We set up an ambispective bicentric cohort study to assess the real-world effectiveness and safety of SG in patients with mTNBC treated at Institut Curie Hospitals, with a focus on patients with brain metastases.
This study included 99 patients treated through the French Early Access Program to SG from May 2021 to January 2023. Median age was 55 years [26-89], N = 8 patients (8%) had BRCA1/2 mutation, N = 12 (12%) de novo stage IV disease and N = 31 (31%) brain metastases. Patients had previously received a median of two [1-10] lines of treatment in advanced setting. After a median follow-up of 9.7 months, the median progression-free survival (PFS) and overall survival (OS) were 3.9 months (95%CI[3.4-5.0]) and 8.6 months (95%CI[7.1-11.9]), respectively, while objective response rate was 29% (95%CI[21-39]). Among patients with brain metastases, median PFS and OS were 3.7 months (95%CI[2.6-6.2]) and 6.7 months (95%CI[6.3-NR]), respectively, with intracranial tumor responses. Dose reductions were required in N = 17 patients (17%) within a median of three [2-11] cycles, due to gastrointestinal toxicity (N = 6; 6%), hematological toxicity (N = 9; 9%) including febrile neutropenia (N = 2; 2%), liver enzyme elevation (N = 1; 1%), and physical deterioration (N = 1; 1%). There was no related death to SG.

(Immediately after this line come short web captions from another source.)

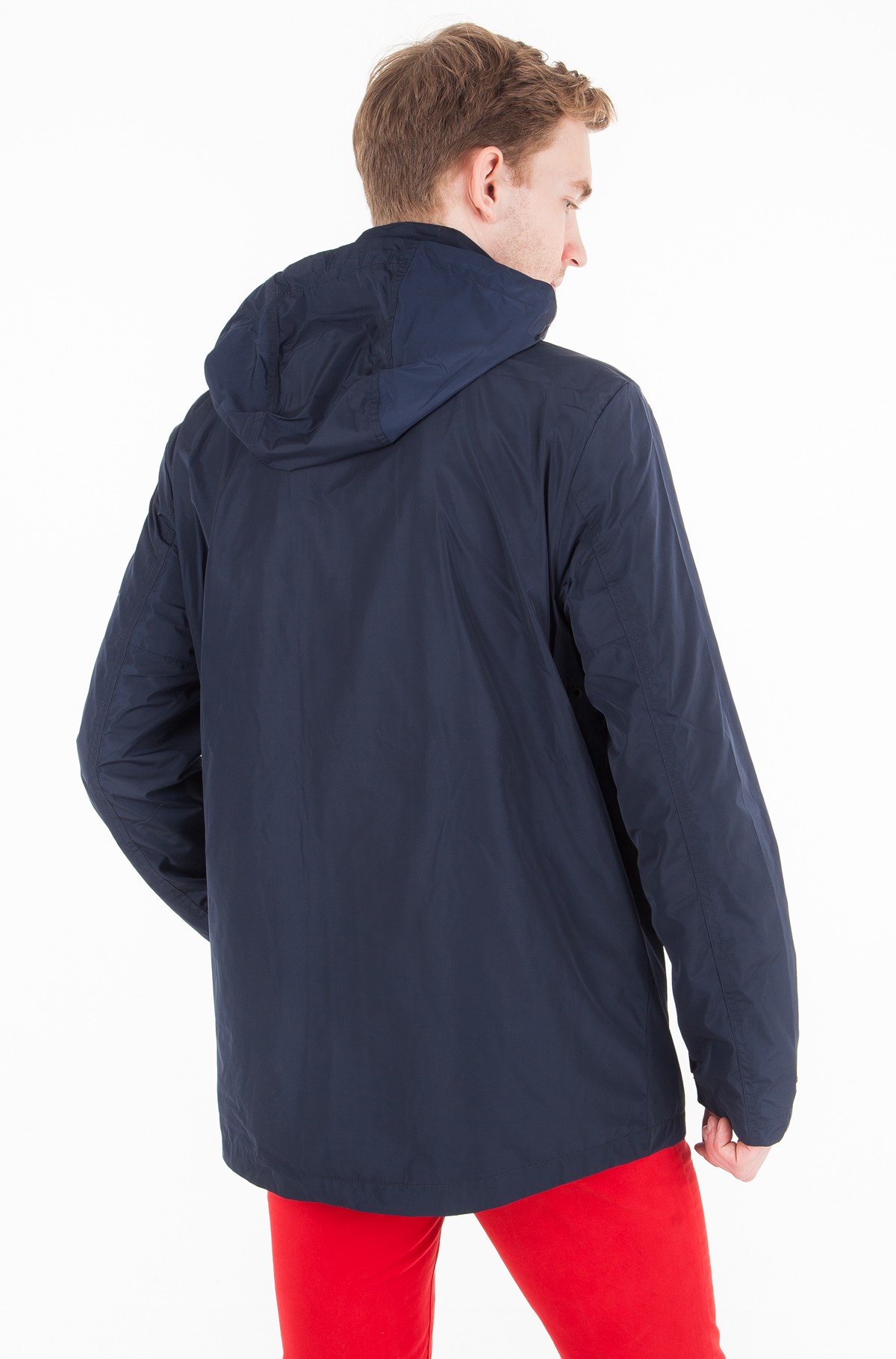 hooded tech jacket tommy hilfiger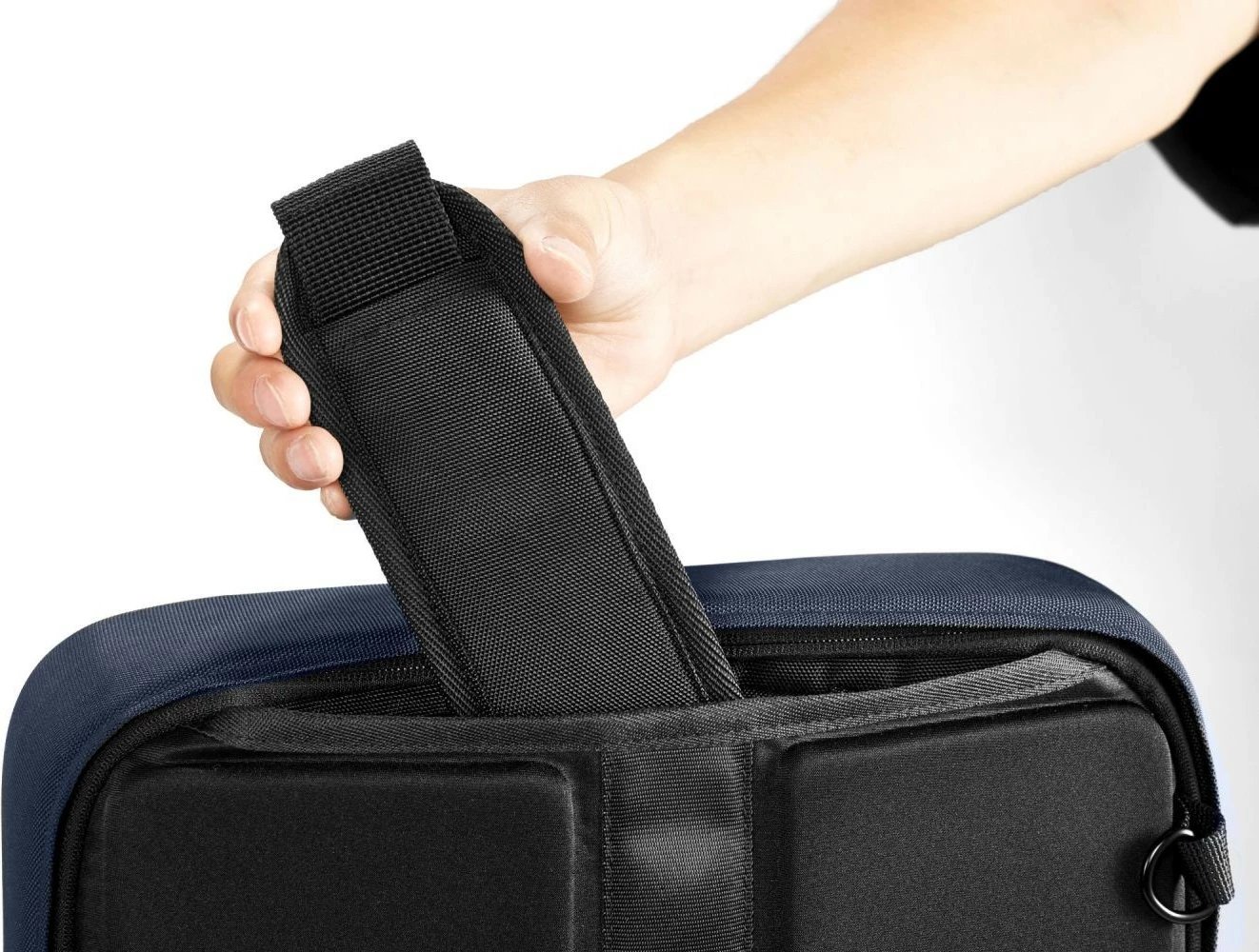 Çantë shpine/aktovka XD DESIGN BOBBY BIZZ 2.0, për laptop 16", navy blue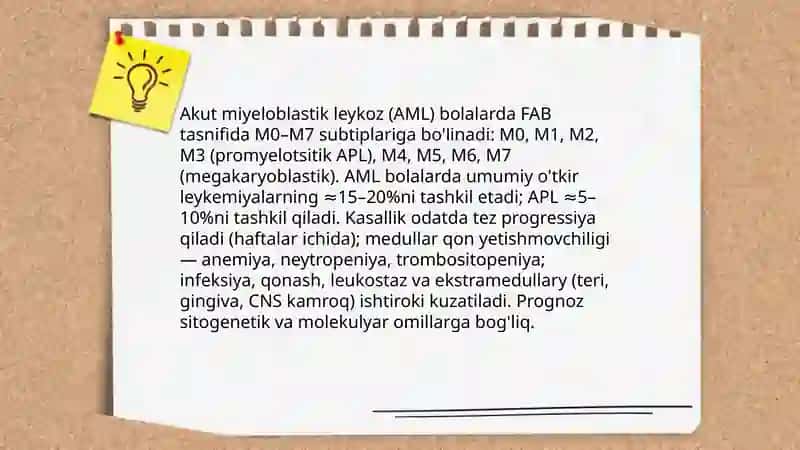 Bolalarda onkogemotologik kasalliklar turlari va kechishi 4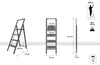 Drabest | Scala pieghevole in acciaio, modello "Slim", per Anteprima dell’immagine prodotto 2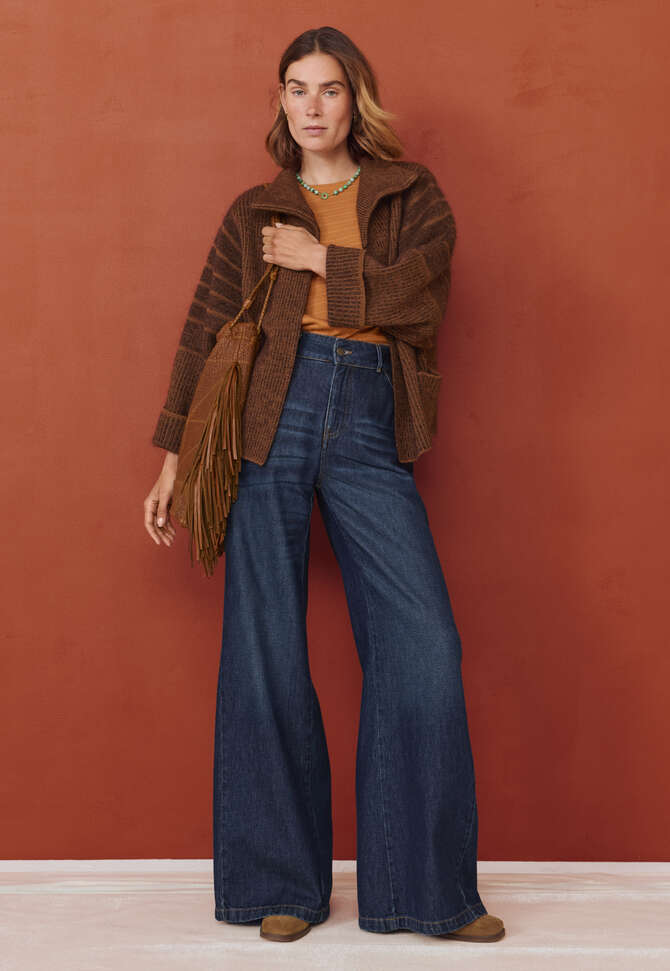 Strickjacke, Espresso, completeTheLook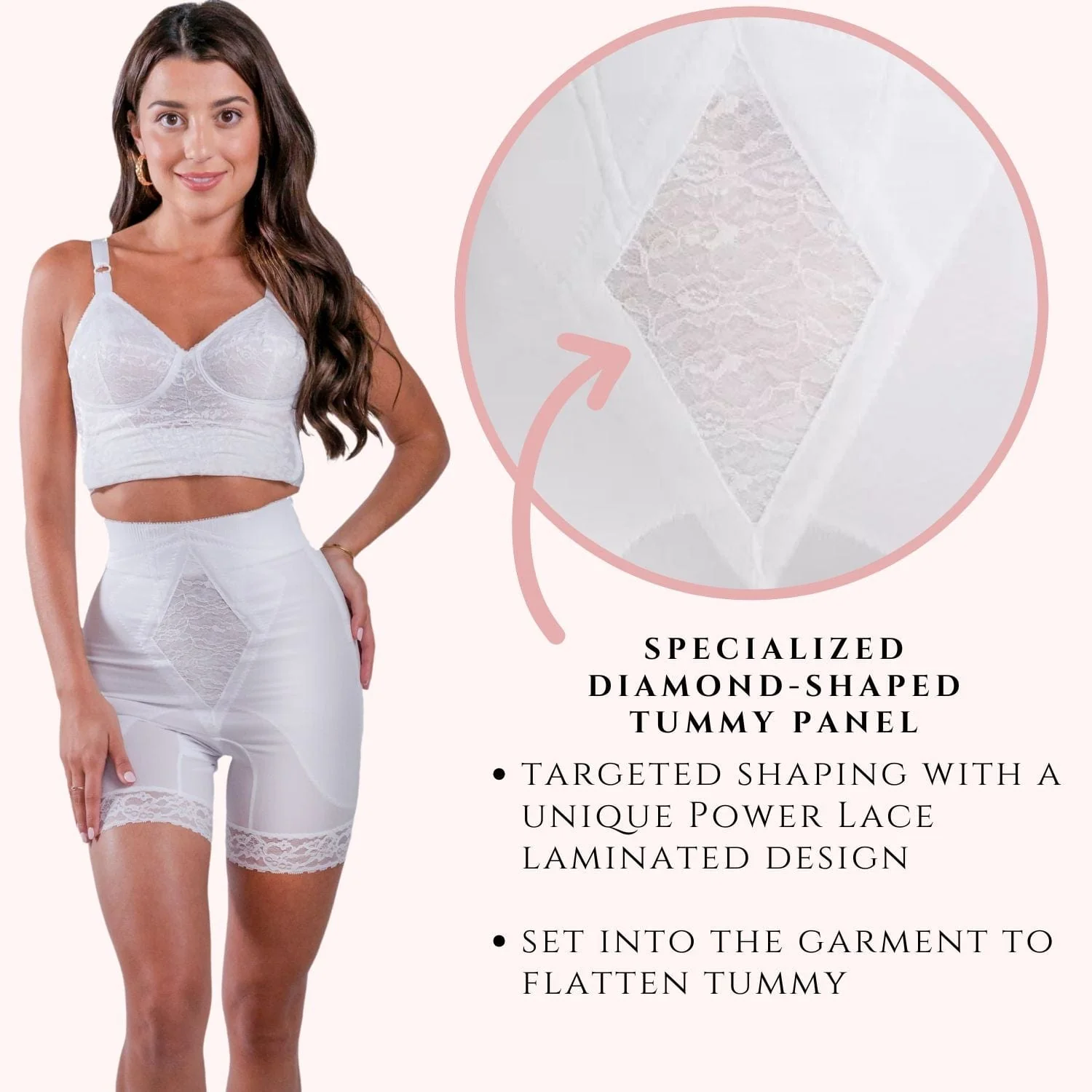 Style 6206 | High Waist Medium Control Thigh Slimmer | Memory Compression Fabric - Image 7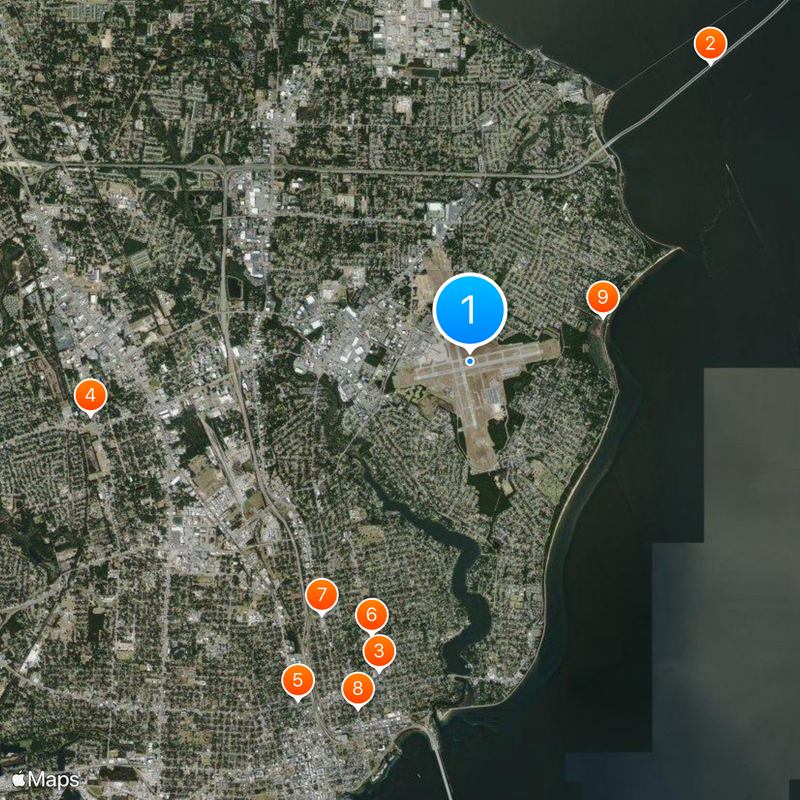 Pensacola International Airport Map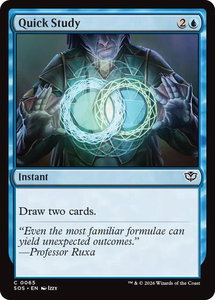 Quick Study - Secrets of Strixhaven (SOS) #65 - Common Magic: The Gathering Trading Card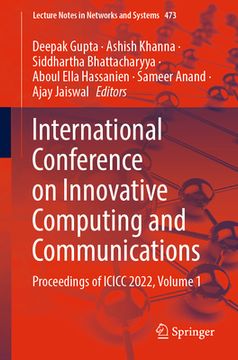 portada International Conference on Innovative Computing and Communications: Proceedings of ICICC 2022, Volume 1 (in English)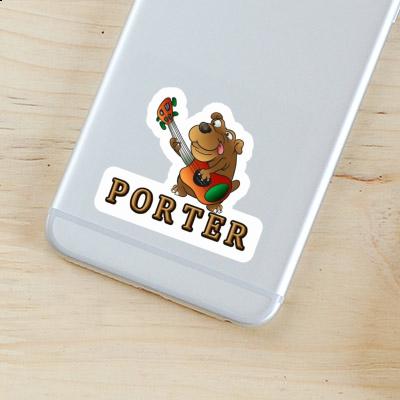 Guitar Dog Sticker Porter Laptop Image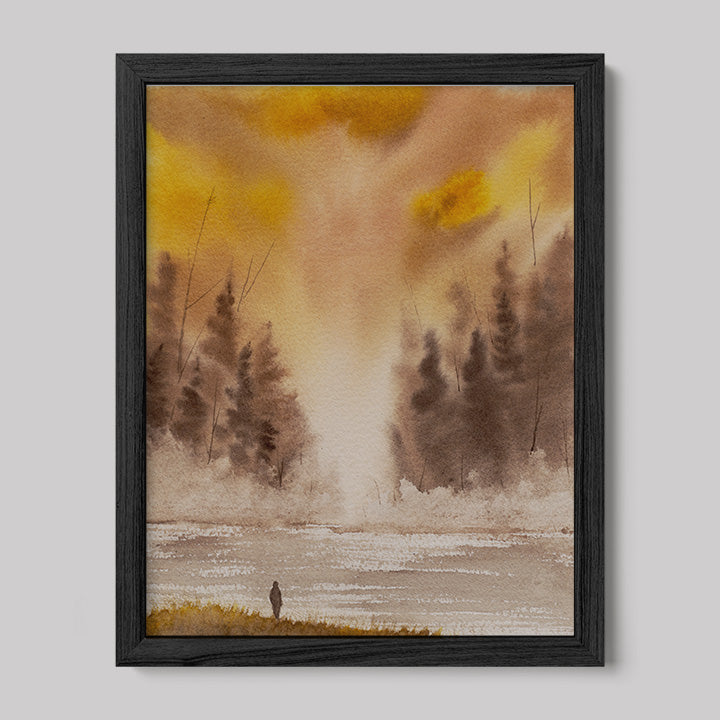 Come Sun Watercolor Print-Paintings-nakedpastor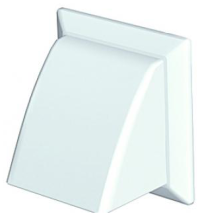 100mm Round White Cowled Outlet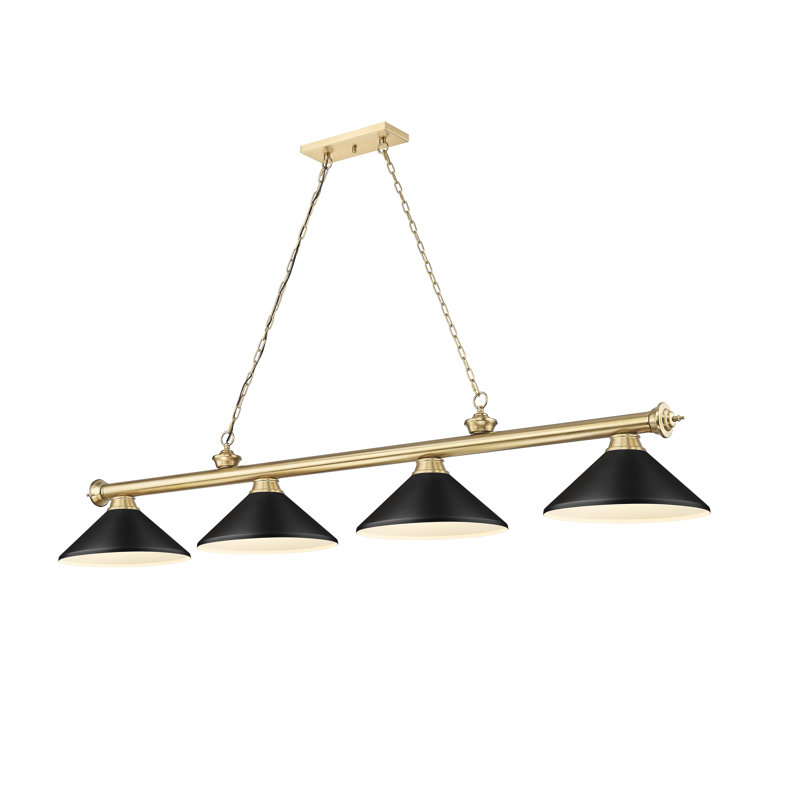Billard, H 14,5 po x l 14 po x P 81,75 po, Noir mat
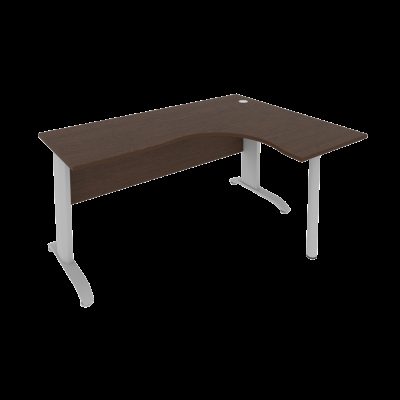 Стол криволинейный письменный правый на металлокаркасе (1600х1200х755) Riva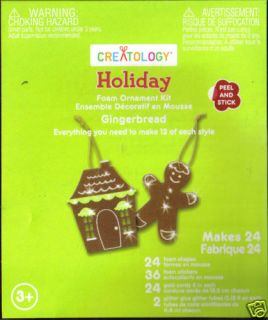 Creatology Holiday Gingerbread Foam Ornament Kit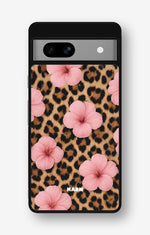 Google Pixel 7a Hard Case – Leopard Flower - View 1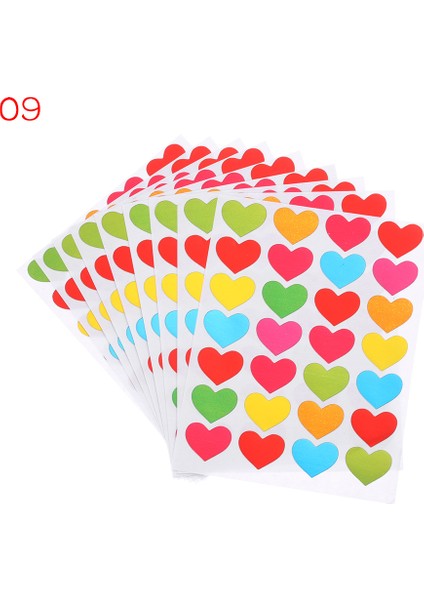 No.9 Tarzı Motivasyon Ödül Stickerlar Gülümseme Yüz Etiketler Çocuk Oyuncakları Laptop Araba Oyuncak Stickerlar Beşgen Yıldız Altın Sticker (Yurt Dışından)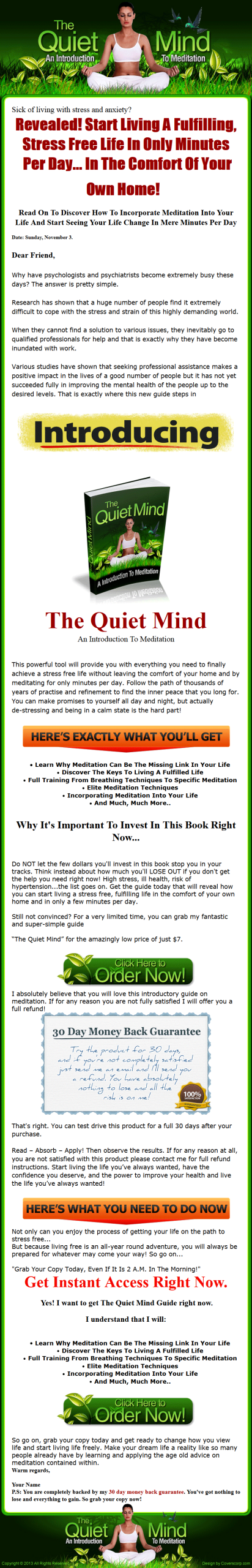 The Quiet Mind Ebook MRR Package - Image 2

The observed response rate and safety of SG are consistent with the results of the ASCENT trial, with efficacy observed in patients with brain metastases, but observed PFS and OS are numerically shorter.
SG 已被 FDA 批准用于治疗预处理转移性三阴性乳腺癌(mTNBC),基于 ASCENT 试验结果。
我们设立了一个前瞻性的、双中心队列研究,以评估在居里研究所接受 mTNBC 治疗的患者中 SG 的真实世界疗效和安全性,重点关注有脑转移的患者。
这项研究纳入了 99 名自 2021 年 5 月至 2023 年 1 月通过法国早期获取计划接受 SG 治疗的患者。中位年龄为 55 岁[26-89],8 名(8%)患者有 BRCA1/2 突变,12 名(12%)为初诊 IV 期疾病,31 名(31%)有脑转移。患者在晚期治疗中平均接受过两次[1-10]线治疗。中位随访 9.7 个月后,中位无进展生存期(PFS)和总生存期(OS)分别为 3.9 个月(95%CI[3.4-5.0])和 8.6 个月(95%CI[7.1-11.9]),客观缓解率为 29%(95%CI[21-39])。在有脑转移的患者中,中位 PFS 和 OS 分别为 3.7 个月(95%CI[2.6-6.2])和 6.7 个月(95%CI[6.3-NR]),颅内肿瘤有缓解。由于胃肠道毒性(N=6;6%)、血液学毒性(N=9;9%)包括发热性中性粒细胞减少症(N=2;2%)、肝酶升高(N=1;1%)和身体恶化(N=1;1%),17 名(17%)患者需要在中位 3 个[2-11]个周期内减少剂量。未观察到与 SG 相关的死亡。
SG 的观察到的缓解率和安全性与 ASCENT 试验结果一致,在有脑转移的患者中观察到疗效,但观察到的 PFS 和 OS 略短。